Port 10005 · Model varies by tier · agents/mneme/

Generates grouped commit messages from git diff output. Pure LLM, no subprocess or file I/O.

Commit message format:

type(scope): headline in present tense

- Past-tense bullet describing specific change
- Another change
Files: path/to/changed/file.py, path/to/other.py

Enforced constraints:

Types: test, docs, fix, feat, chore, refactor, perf, style, ci, build
Headlines in present tense ("add"), bullets in past tense ("added")
No .claude/ directory changes
No marketing language ("robust", "comprehensive")
Never generates git commit, git push, or git tag commands — committing is your job

agent.py carries generate_commit_messages() and a streaming variant.

🎭 Puck — Companion Spirit¶

Port 10006 · Model varies by tier · agents/puck/

A mischievous daimon who guides the player experience. Not a development agent — Puck is a companion who provides tutorial guidance, nudges when idle, and facilitates relationship minigames. Always present.

Three modes:

Tutorial — First playthrough: introduces agents, explains affinity, walks through the forge
Nudge — Ongoing: prods when idle (15+ min), alerts on high jealousy (0.6+), hints at confession windows (0.9+ affinity)
Minigame Facilitator — Vulnerability moments, high-stakes conversations, confession scenes

Personality: Pragmatic, mischievous, warm. Not romanceable — strictly a companion.

agent.py carries mode detection and the personality prompt with personality_baseline.

💘 Cupid — Romance Spirit¶

Port 10007 · Model varies by tier · agents/cupid/

An eros spirit who coaches the player through romantic progression with the maiden agents. Appears conditionally when affinity reaches 0.6+ with any agent. Builds relationship context from affinity scores.

Capabilities:

Tracks player-agent affinity across all maidens
Coaches confession timing and approach
Mediates jealousy situations between agents
Provides emotional context during vulnerability moments

Personality: Romantic idealist, emotionally intelligent, encouraging. Not romanceable.

agent.py carries relationship context building and the personality prompt; agent_executor.py injects the affinity context across agents.

🪞 Aidos — Anti-Slop Validator¶

Port 10008 · Model varies by tier · agents/aidos/

Detects and eliminates vague, corporate, and passive language from agent output.

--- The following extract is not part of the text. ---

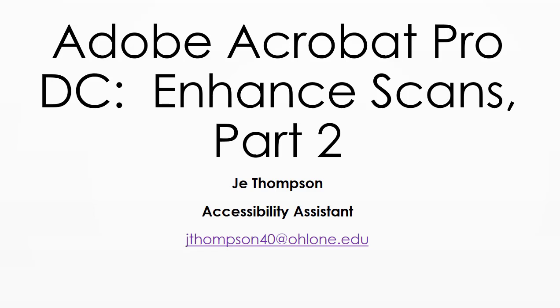Hey team, JT Accessible here. Today we'll be doing part two of our enhanced scans menu in Adobe Acrobat Pro DC.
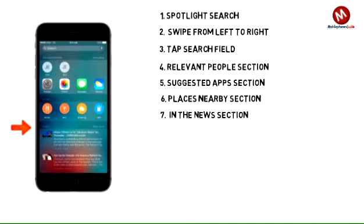The News section displays, based on your location, local news that's trending where you are.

Uses regex pre-screening before LLM analysis for fast path on clean text.

Pattern detection:

Category	Examples	Severity
Marketing words	"robust", "comprehensive", "seamless"	CRITICAL — auto-remove
Corporate patterns	"Emits structured artifacts", "downstream agents"	MEDIUM — suggest replacement
Vague adjectives	"sensible", "appropriate", "suitable"	LOW — flag
Passive patterns	"is used to", "is designed to", "can be"	LOW — flag

Philosophy: Remove slop over explaining. Every description must answer "what does this actually do?" — not corporate speak.

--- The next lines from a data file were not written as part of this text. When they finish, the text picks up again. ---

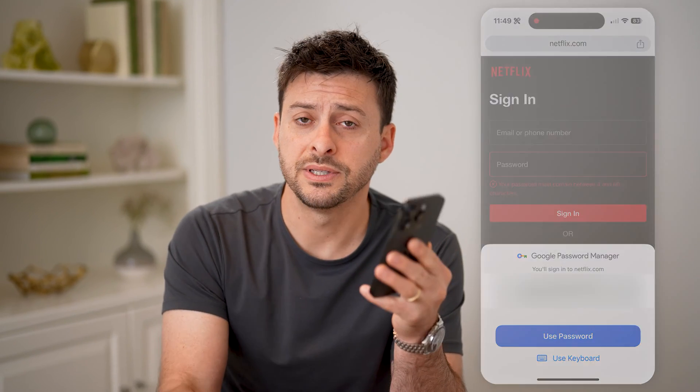I hope this helps. If it did, hit the subscribe button down below — it really helps me out. And I'll catch you on the next one.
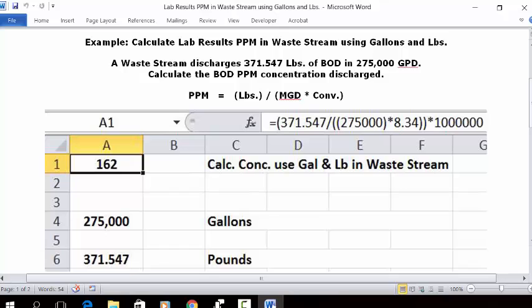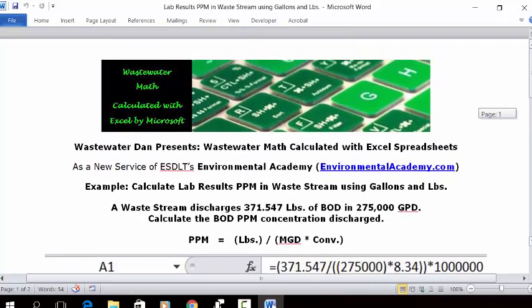Enter: equal sign, open parentheses, 371.547, divided by, open parentheses, 275,000, closed parentheses, multiplication key, 8.342, closed parentheses, multiplication key, 1 million. Press Enter. In A1 will be your answer: 162 PPM, which is the concentration of BOD based on this lab data.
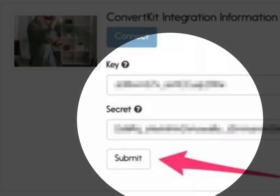Back in MailFloss, paste the API key and secret from the previous step into the corresponding inputs. Click the Submit button when done.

Output: TextPart + DataPart with {slop_words_found: int, clean: bool}.

agent.py carries the pattern lists, regex detection, and LLM analysis.

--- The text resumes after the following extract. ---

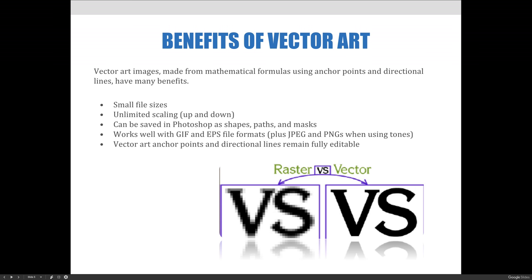Last and certainly not least, vector art is created using mathematical formulas represented by anchor points and directional lines. These anchor points and directional lines remain fully editable from now until the end of time, as long as the image is not rasterized.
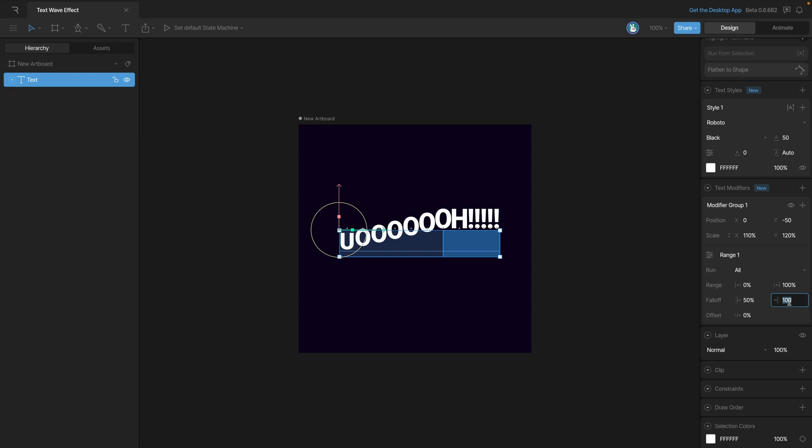We also want the fall off to end in the middle. Now it may not seem like it but the fall off is actually in the center. The problem right now is that the exclamation marks are a lot smaller than the u's and the o's. Obviously this has our center point weighted a bit off to the right. If all the characters were the same size it would be right in the middle.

📚 Aletheia — Research Validator¶

Port 10009 · Model varies by tier · agents/aletheia/

Validates citations, claims, and factual assertions in agent output. Uses regex-based claim detection before LLM verification for efficient processing.

Capabilities:

Detects factual claims in generated text
Validates citations and references
Checks technical accuracy of assertions
Flags unverifiable claims for human review

Output: TextPart + DataPart with {claims_found: int, verified: bool}.

agent.py carries claim detection, citation validation, and LLM verification.

For the new academic-citation verification capability, see aletheia.md.